Job stuck in RUNNING state

In my orchestrator, job is in Running state since last 15 hours but the queue item status has changed to Abandoned from In Progress. Some queue items are still pending to be processed and are in New status. I am not able to understand the root cause of it. Any help would be much appreciated.

Thanks
Daksh

Hi @DGA

You could start by verifying the below things:

  • Exit condition of the workflow is set correctly
  • Verify the states of the queue items are changed correctly when successfully processed or in case of exceptions.
  • Also check what is the retry values you have provided for the queue items.

The workflow has executed correctly in many previous runs. Some jobs ran for more than 20 hours without any issue. The queue item status is getting updated correctly for success and exceptions cases. Auto-retry is not enabled so the item will be processed only once.

@DGA

  1. Are you getting any logs?
  2. If not check what is the last log you got
  3. As per explanation looks like one of the item went into infinite loop so you have abandoned item…or stuck in process.xaml may be on excel activity or anything

Cheers

For the job that was Abandoned, the logs appear till the time bot was processing. After that, there are no logs. The last log states that it was interacting with an element (its an SAP UI based automation).

@DGA

Are you using any loop to check for element or so?

In that loop if no logs are there then you might not see new logs alao…

Cheers

Hi @DGA,

Are you using ReFramework or any other state machine? Have you done any changes on the state transitions?

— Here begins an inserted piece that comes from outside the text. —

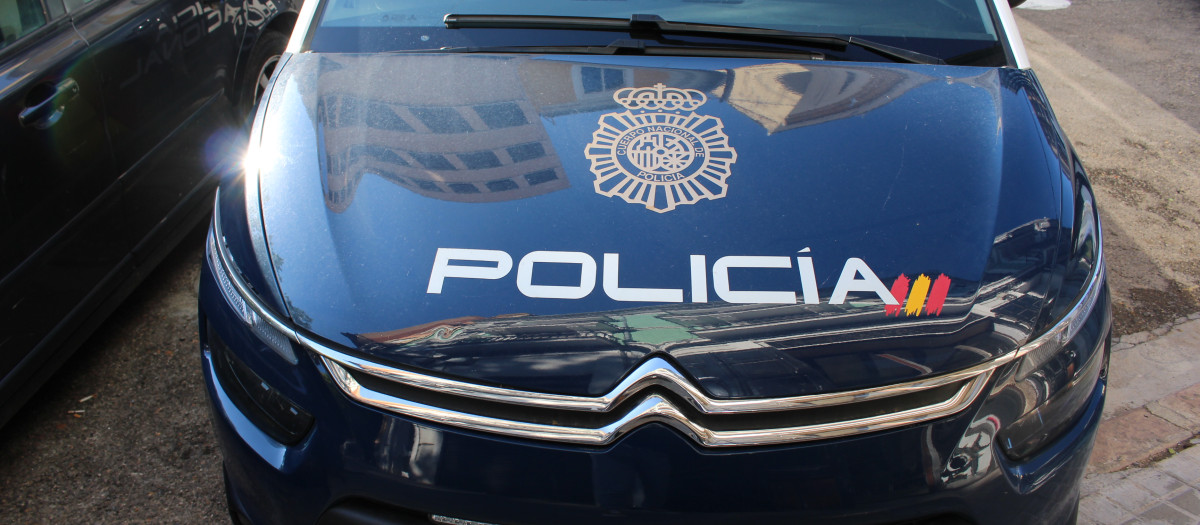 Imagen de archivo de un vehículo de la Policía Nacional.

Had a similar problem before when I modified some states transitions and they were either ambiguous or the condition was not met. If a condition is not met for any transition, the process will be running forever.

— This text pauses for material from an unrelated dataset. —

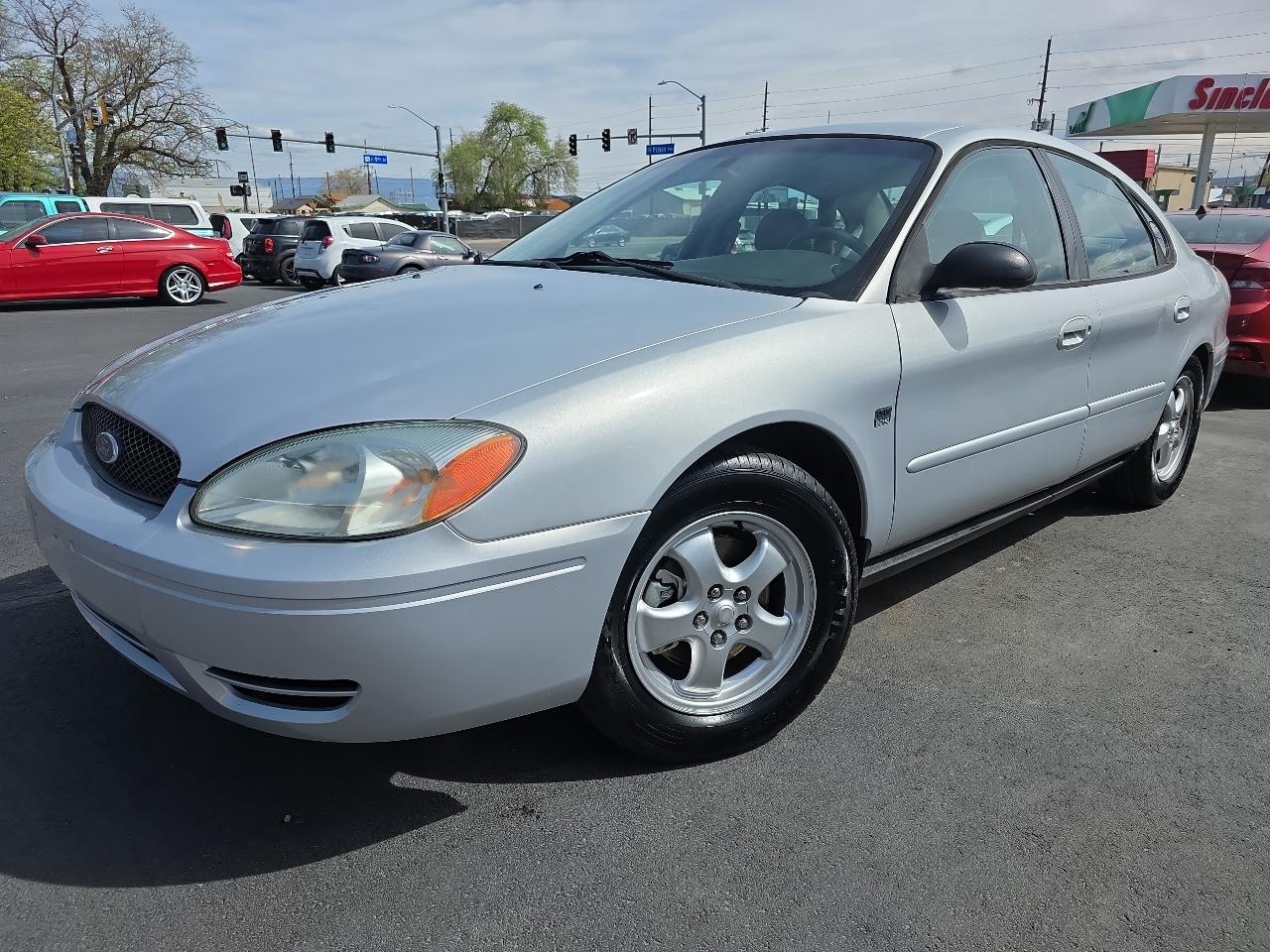 Ford Taurus 4dr Sdn SES 2004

Something else that you can do, but as a workaround to avoid having a process running forever is to set some trigger based conditions:

@DGA

In this case it might be a problem with the activity itself. I had the same problem before during the SAP login where the activity failed to timeout.

I don’t think I ever found a definitive solution for it and for sure never had figured it out why it happens. What I did was to create a workaround for the activity/sequence/workflow I knew it was having the problem.

The workaround is by using a parallel activity:

Create a Boolean var that can be accessed from both sequences. In one of them you will have your workflow/sequence, in the other, a sequence with a delay.

At the very end of your SAP workflow/sequence set the Boolean to True. That way you know that all activities were executed. If something is stuck for the same amount of time you set the delay on the other sequence, the exception will be trigged and the transaction will fail without being stuck forever.

Let me know if that helps.

I finally resolved it! The issue was bot was trying to select a value from a combo box in SAP which did not exist in the dropdown, which caused it to get stuck and stop responding. Thanks for your inputs.

This topic was automatically closed 3 days after the last reply. New replies are no longer allowed.